### DATA
--- START ---
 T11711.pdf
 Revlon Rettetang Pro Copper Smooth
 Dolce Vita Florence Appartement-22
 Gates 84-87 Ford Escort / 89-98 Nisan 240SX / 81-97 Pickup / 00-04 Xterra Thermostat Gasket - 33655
--- END ---
--- START ---
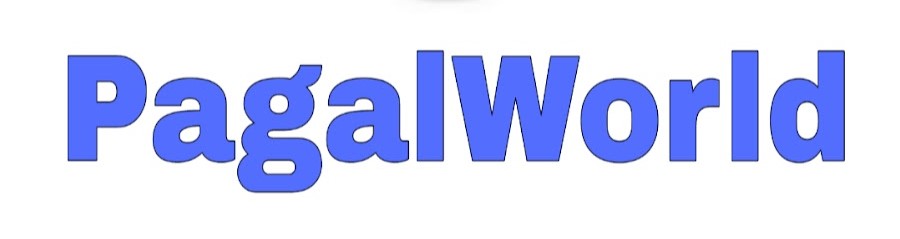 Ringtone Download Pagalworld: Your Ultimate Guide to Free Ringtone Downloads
--- END ---
--- START ---
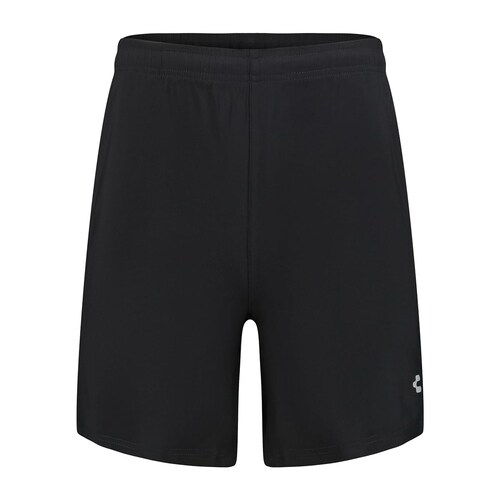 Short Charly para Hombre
--- END ---
### ASSIGNMENT
Look through the entries above and quote exactly the lines from the line with "Revlon Rettetang Pro Copper Smooth" to the line with "Gates 84-87 Ford", counting both of those lines.

### ANSWER FOR THE TASK
 Revlon Rettetang Pro Copper Smooth
 Dolce Vita Florence Appartement-22
 Gates 84-87 Ford Escort / 89-98 Nisan 240SX / 81-97 Pickup / 00-04 Xterra Thermostat Gasket - 33655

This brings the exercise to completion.